# Low spin driver head with a high spin shaft?



## Tab373 (Jan 13, 2014)

Quick question if I have a low spin driver head and fit a high spin shaft what would be the result. I Have a callaway tour authentic 8.5 head going to put a bi matrix shaft in it but have also a black tie shaft to try in it. Now the black tie is low spin low launch but you can get other shafts that are high spin ie the white tie. Just wondered if it would just meet in the middle and produce a medium flight.currently hit the ball low to medium flight with my ft9 tour imix but would like a medium flight.or I could just get a more lofted driver


----------



## mab (Jan 15, 2014)

It is the driver head and loft that most influence launch angle and spin. Typically you would select a head that puts you in the correct launch angle range and spin range, after which you would fine tune with a shaft that best suits you swing. If you are hitting the ball way too low with a Black Tie, a White or Red Tie is unlikely to miraculously give you an extra 5* of launch. It should, however, marginally increase your launch angle.

Also, you mention you intend to install a bimatrix shaft, by which I assume you mean the Grafalloy Bimatrix Tour Prototype. This is not a high launching shaft so I would not expect to see a material improvement in your launch conditions over and above the Black Tie.
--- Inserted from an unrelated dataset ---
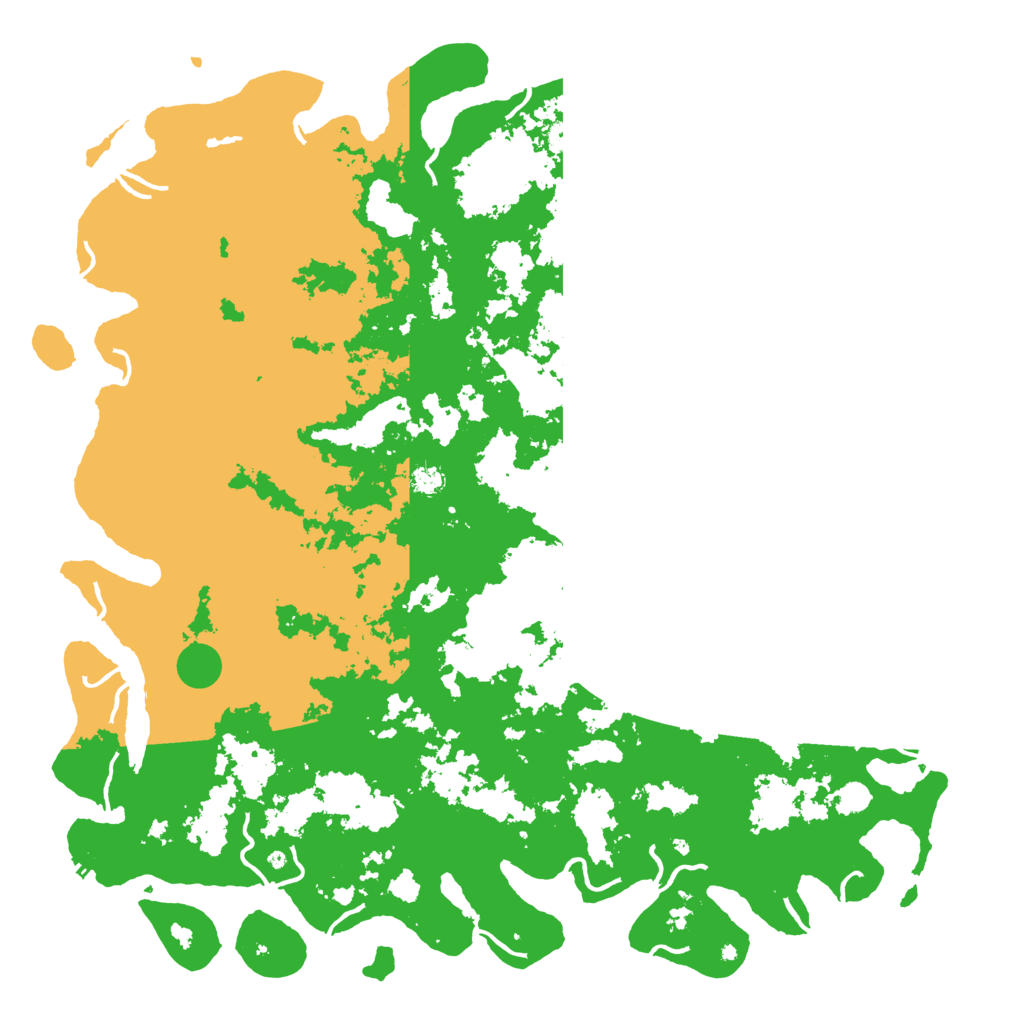 Biome Rust Map: Procedural Map, Size: 6000, Seed: 827146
It's difficult to recommend you a solution without any further information. However, suffice to say only a small percentage of golfers would optimise thair launch conditions with a low spin head in 8.5* paired with the somewhat stout Black Tie. That is also true even paired with a White or Red Tie, as 8.5 is a low loft in today's world.

Most golfers benefit from a higher lofted driver, but shaft choice really does depend on your swing.


----------



## Foxholer (Jan 15, 2014)

There is definitely a difference between 'flight' and 'launch'. Launch is determined by Loft and Angle of attack more than by the shaft (normally). Flight is governed more by a combo of the loft and the shaft - spin being what really controls flight along the initial launch path. And your swing - AofA, Speed, Release and a couple other variables also affect things.

With so many variables/unknowns, it's really hard to predict what can be 'best' - and often the difference between 'Ok, but not optimised' and 'best' is not a huge amount anyway!

Best method is to try them all out in a controlled fitting session!


----------